An alarming failure in housing regulation has come to light, with 74 children confirmed dead while living in temporary accommodation across the UK since 2019 – their lack of a permanent home listed as a contributing factor in each case.
According to data from the Shared Health Foundation, the majority of these children – 78.4% – were under the age of one.
The findings have reignited urgent calls for systemic reform of temporary housing standards, which campaigners warn are dangerously lagging behind those of social housing.
New analysis by Inventory Base reveals that more than 80,500 families with children are currently living in temporary accommodation – part of a wider total of 126,040 households, a sharp increase from 98,840 just two years ago.
UNDER-REGULATED
Yet despite the escalating need, temporary accommodation remains perilously under-regulated. While social housing is subject to strict health and safety rules – covering issues like damp, overcrowding, and structural integrity – temporary housing is governed by vague suitability clauses under the Housing Act 1996 and sporadic enforcement under the Housing Health and Safety Rating System (HHSRS).

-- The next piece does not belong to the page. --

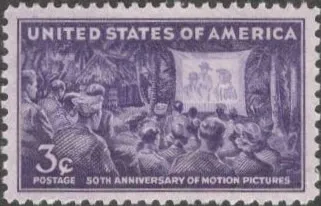 США (USA) 1950 г. 50 ЛЕТ КИНОФИЛЬМОВ. ИДЕАЛЬНАЯ. МАРКА С КЛЕЕМ. Ціна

The legal duty to ensure temporary housing is ‘suitable’ is undermined by limited definitions and inconsistent oversight. While families with children or pregnant women should not be housed in B&Bs for longer than six weeks, this requirement is bypassed whenever “alternatives do not exist” – a loophole that housing campaigners say has become routine rather than exceptional.
SILENT CRISIS

Sián Hemming-Metcalfe, Operations Director at Inventory Base, says: “Temporary accommodation isn’t a safety net – it’s becoming a silent crisis.

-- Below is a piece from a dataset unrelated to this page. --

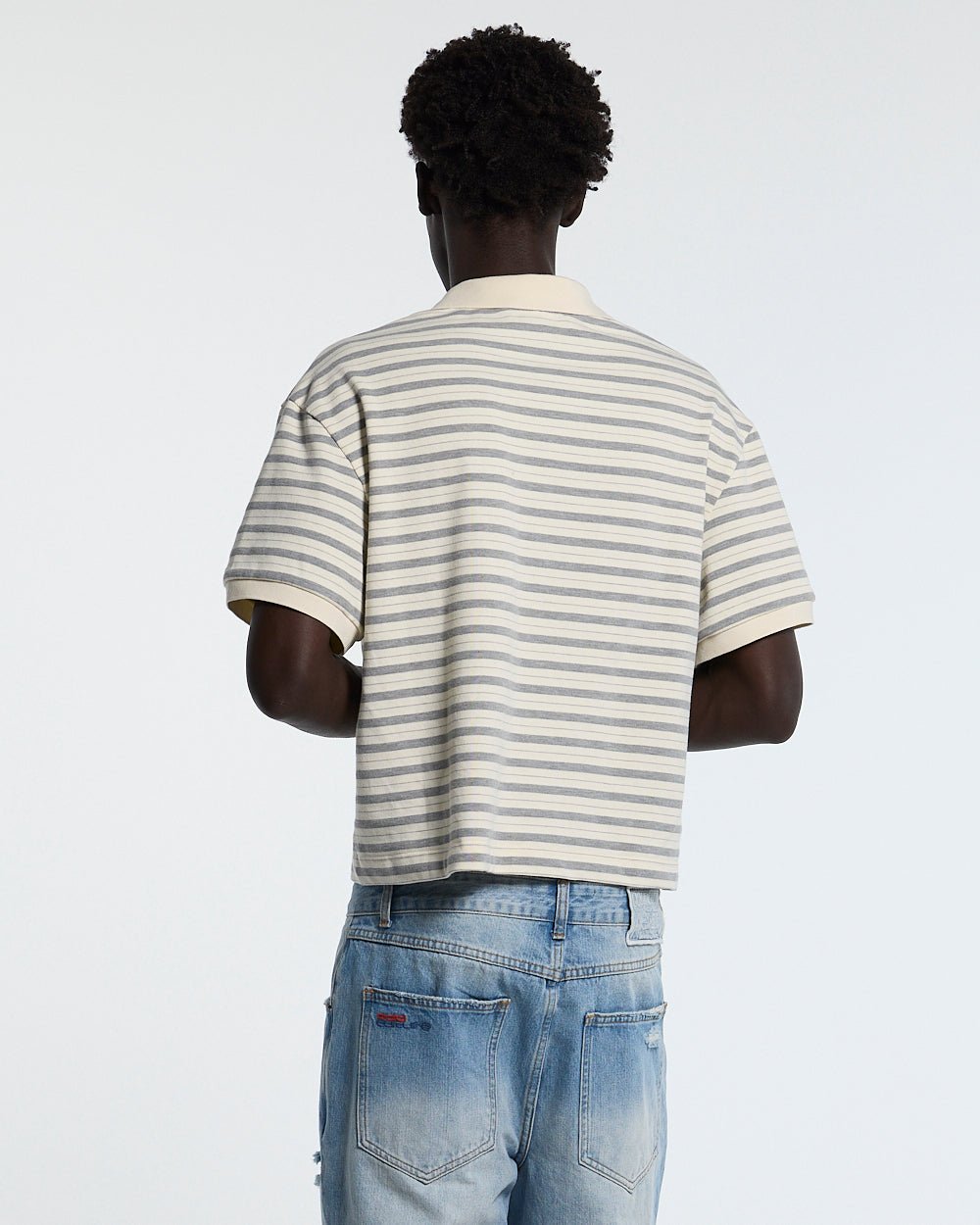 COURT FIELD KNIT POLO GREY - grey striped knit polo, back view on male model - Cold Culture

“Many families remain trapped in unsafe and overcrowded conditions due to a lack of viable alternatives. Some councils simply do not have the resources or capacity to inspect properties adequately.
“It is unacceptable that the housing children are placed into by local authorities is often less regulated than the social housing they’re waiting to access. The result has been catastrophic. Seventy-four children have died. That’s not a statistic – it’s a regulatory failure with real, devastating consequences.”

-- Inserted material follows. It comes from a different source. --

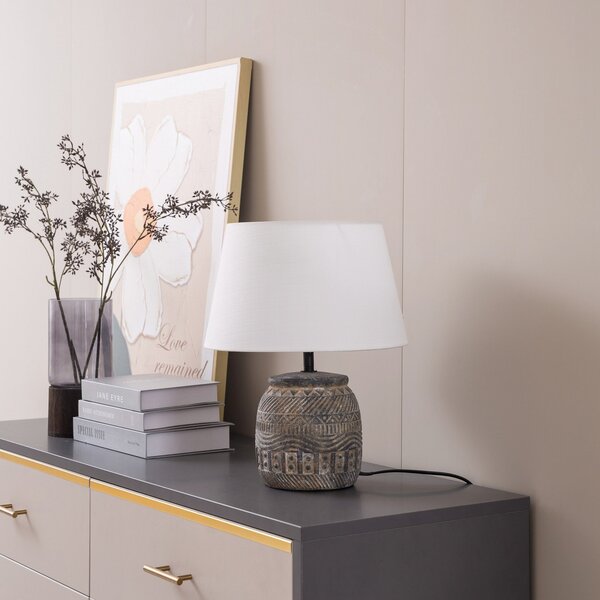 Lampade da tavolo Lindby, Aelith, Grigio, Soggiorno, Tessuto / Tessile, Campagna / rustico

Of the families currently in temporary accommodation, an estimated 64% include children – meaning at least 80,530 children are living in insecure, often unsuitable environments.
The issue stems from the severe shortfall in social housing availability. As demand outpaces supply, thousands of vulnerable families are diverted into temporary housing stock – much of which lacks even the basic safeguards enforced in longer-term accommodation.
Without a drastic overhaul of both legislation and local authority capacity to enforce standards, campaigners warn that the deaths will not stop.
Hemming-Metcalfe adds: “Children are dying in homes sanctioned by the state. This isn’t a housing issue – it’s a child protection emergency.”